Question about extracting Q and P representations
Borororo opened this issue · 1 comments
Hi, thanks for sharing the codes!
When I was reading through your codes, and I noticed that
# Skip [CLS]; then the next max_ques_len tokens are question tokens
encoded_question = bert_out[:, 1 : self.max_ques_len + 1, :]
question_mask = (pad_mask[:, 1 : self.max_ques_len + 1]).float()
# Skip [CLS] Q_tokens [SEP]
encoded_passage = bert_out[:, 1 + self.max_ques_len + 1 :, :]
passage_mask = (pad_mask[:, 1 + self.max_ques_len + 1 :]).float()
passage_token_idxs = question_passage_tokens[:, 1 + self.max_ques_len + 1 :]
I know it is much more convenient for us to separate Q and P representations for all instances if we pad all questions to a fixed length(max_ques_len).
However, can we separate Q and P dynamically depending on the real length of each instance? Is there any limitation here?
Ideally, yes.
While creating instances you could just keep [CLS] question [SEP] paragraph [SEP]

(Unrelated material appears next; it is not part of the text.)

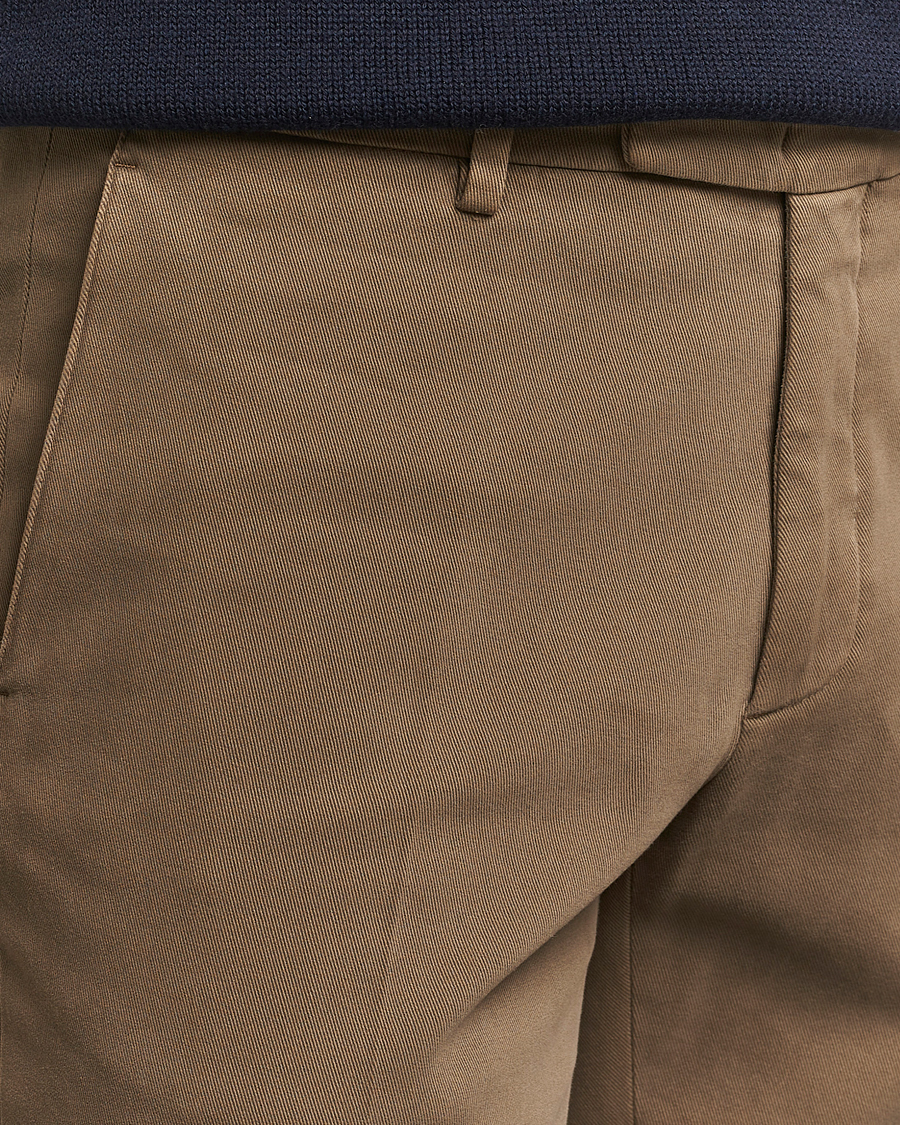 Herren | Hosen | Boglioli | Cotton Twill Trousers Brown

and keep track of the question length. In the forward
function of the model you could extract these question representations based on their lengths. This would still require you to PAD questions till the longest question in this batch.
In my opinion, this increases code complexity without a significant improvement in runtime. Also opens up possibilities for potential bugs. Hence I didn't try doing this.